# Driverless cars will lead to more sex on the road, study says



## BurgerTiime (Jun 22, 2015)

Full: https://www.nbcnews.com/news/amp/ncna936801








Driverless cars will have a transformative impact on the future, shaking up certain industries and changing the way people live and work. They're also going to change the way people have sex, according to a new study.

With the relative privacy of a car, and no need to pay attention to the road, sex on the go will likely be common with the widespread adoption of self-driving vehicles, according to a new paper published in the journal Annals of Tourism Research. The study reviewed papers on self-driving cars and cities to identify future trends around how self-driving cars will reshape the tourism industry.

"This is something that seems to have stimulated interest," said Scott Cohen, deputy director of research of the School of Hospitality and Tourism Management at the University of Surrey, who led the study.

Around 60 percent of Americans have already had sex in a car, noted the survey. But with driverless cars, it's more than just couples who might want to sneak in a quickie while on the go. Cohen said autonomous vehicles could become a new venue for sex tourism.

"Sex is a part of urban tourism and commercialized sex is part of that too, so it is quite likely that autonomous vehicles will lead to prostitution, whether legal or illegal, to take place in moving autonomous vehicles in the future," he said.

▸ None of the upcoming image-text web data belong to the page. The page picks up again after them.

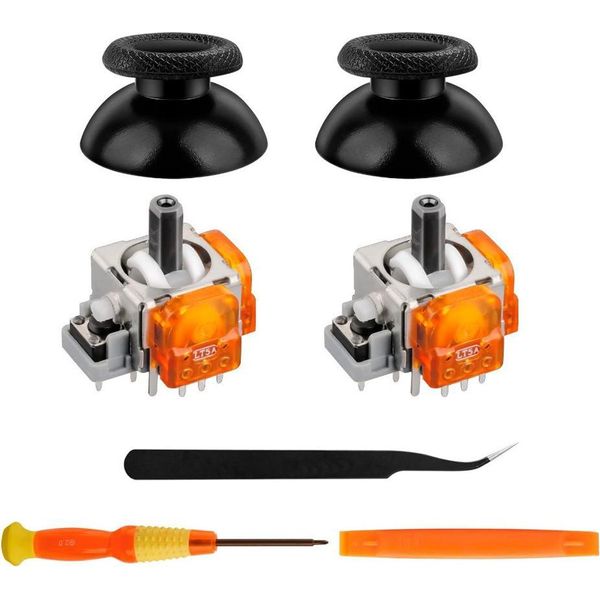 Inf Joystick Ad Effetto Hall Tmr Compatibile Con Controller PS5 - Set 7 In 1-image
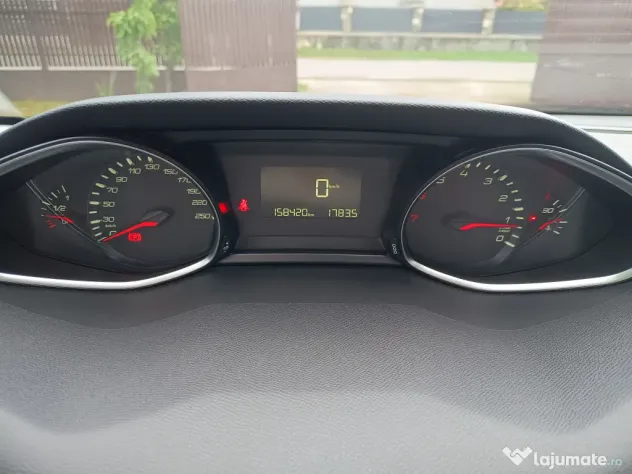 Peugeot 308, 1.2 benzina, 130cp, 2014, e6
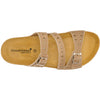 TsAlexandra-Taupe skindsandal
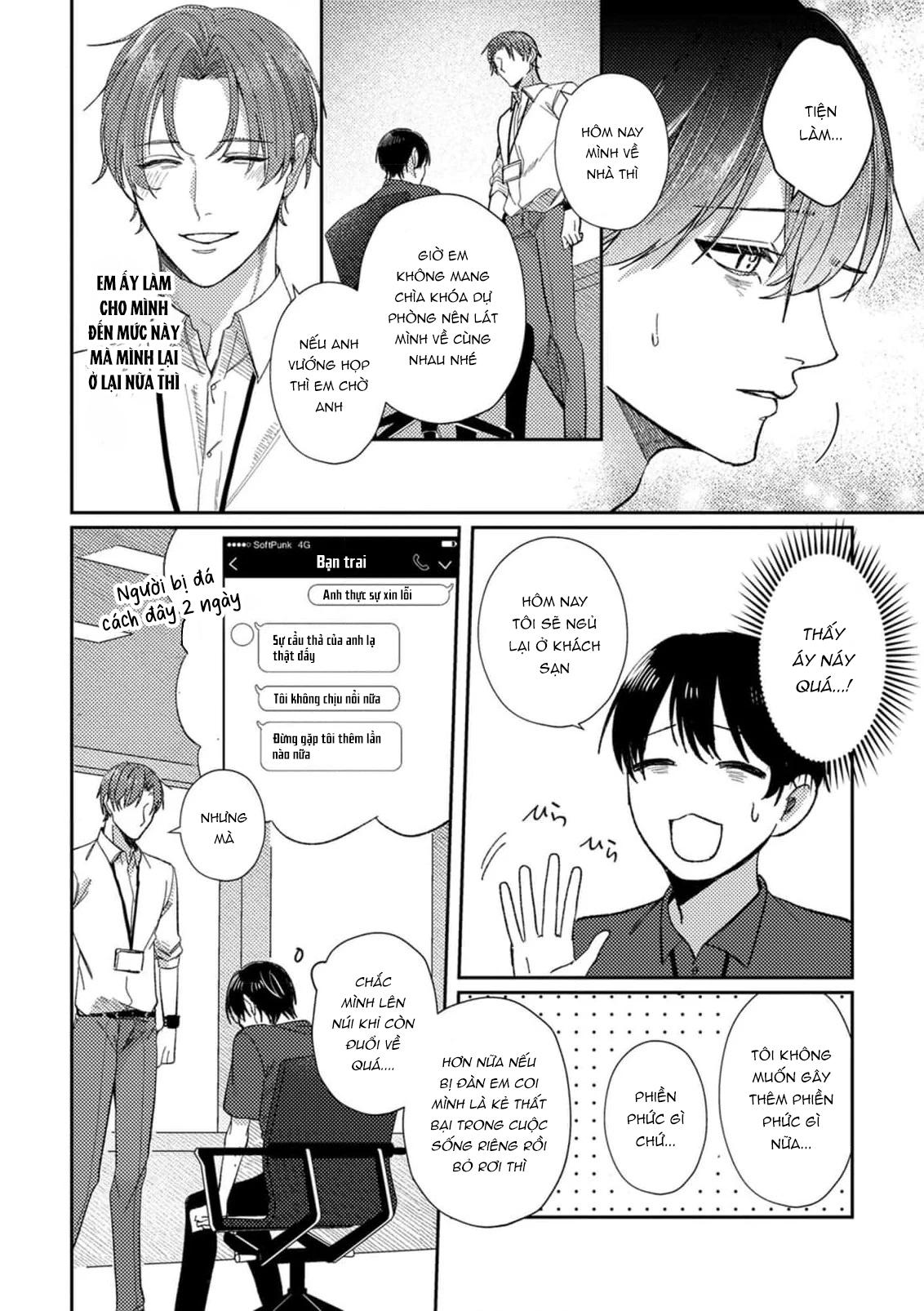 Oneshot Nhẹ Nhàng Tình Cảm Dành Cho Đàn Ông Có Thai Và Đang Cho Con Bú Chapter 2 - Trang 2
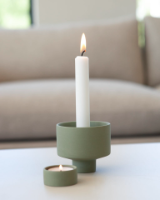 STOREFACTORY LIVARD-GREEN CANDLESTICK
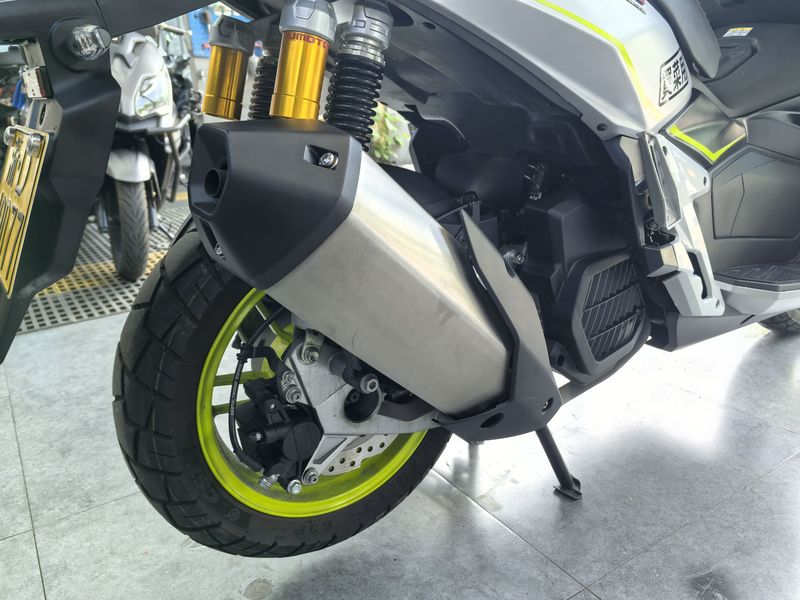 二手QJMOTOR鸿150ADV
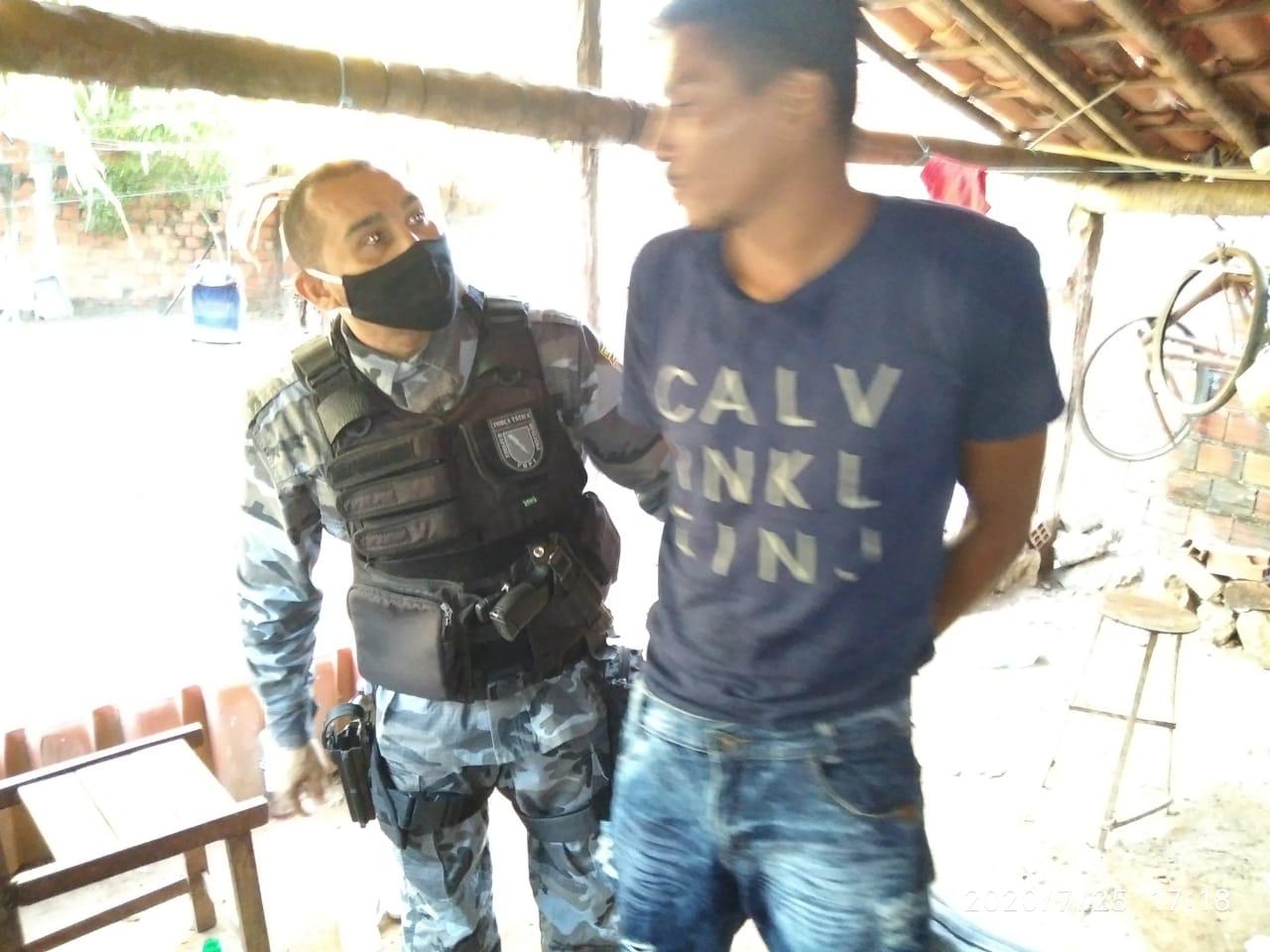 Francisco Pacífico foi preso em flagrante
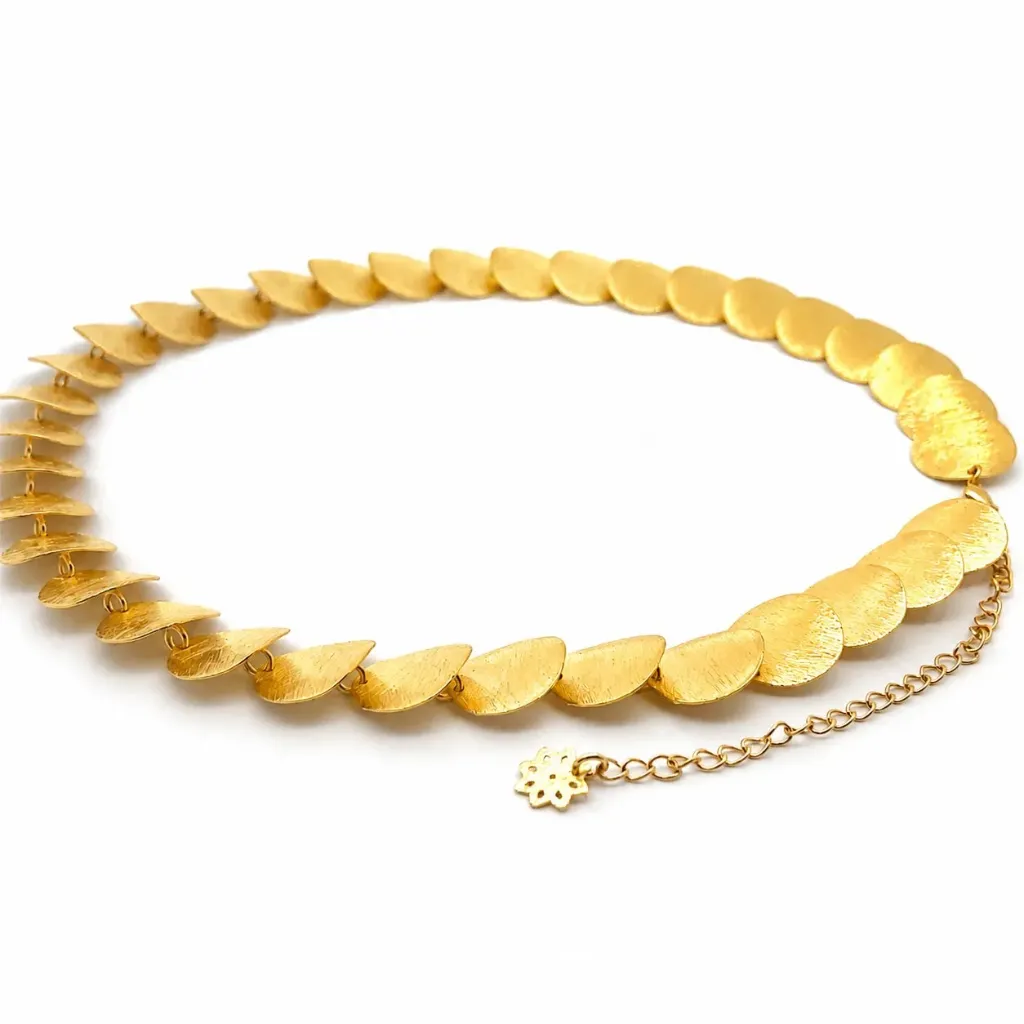 [CF019G] Nina Necklace (Gold Plated)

Cohen said he predicts sex in autonomous vehicles likely won't become a reality until "the 2040s." In places where prostitution is legal and where regulations support the advancement of technology, "those two strands will come together," putting sex tourism on wheels.


----------



## Zap (Oct 24, 2016)

Well, ya got the "mile high club".... now there will be the "mile marker club".


----------



## Kodyhead (May 26, 2015)

It will also be a great place to smoke weed and do some lines too

Wanna have a cigarette?

Its raining outside 

I'll just order and uber and we can smoke in there so we won't get wet


----------



## Jay Dean (Apr 3, 2015)

I worked with a guy that told me that when he goes to a hotel room he removes the sheets and puts his own down to sleep, something about how if you put a UV light to the covers you would see all kinds of “funk” for the best word to describe it lol which makes me think, if autonomous cars are coming I can litterly see people bringing their own seat covers lol, I can see a business making good money off that product.


----------



## 1.5xorbust (Nov 22, 2017)

Sex won’t become a reality in SDC’s until 2040. I’m thinking more like 2020. The Mile Low Club will be a highly sought rite of passage.


----------



## UberLyftFlexWhatever (Nov 23, 2018)

BurgerTiime said:


> Full: https://www.nbcnews.com/news/amp/ncna936801
> 
> 
> 
> ...


Looks like retirees are ahead of the curve.
Barbara Adams, 68, of Tempe, who, along with her husband, Jim, regularly uses the Waymo self-driving Chrysler Pacifica Hybrids to hit it.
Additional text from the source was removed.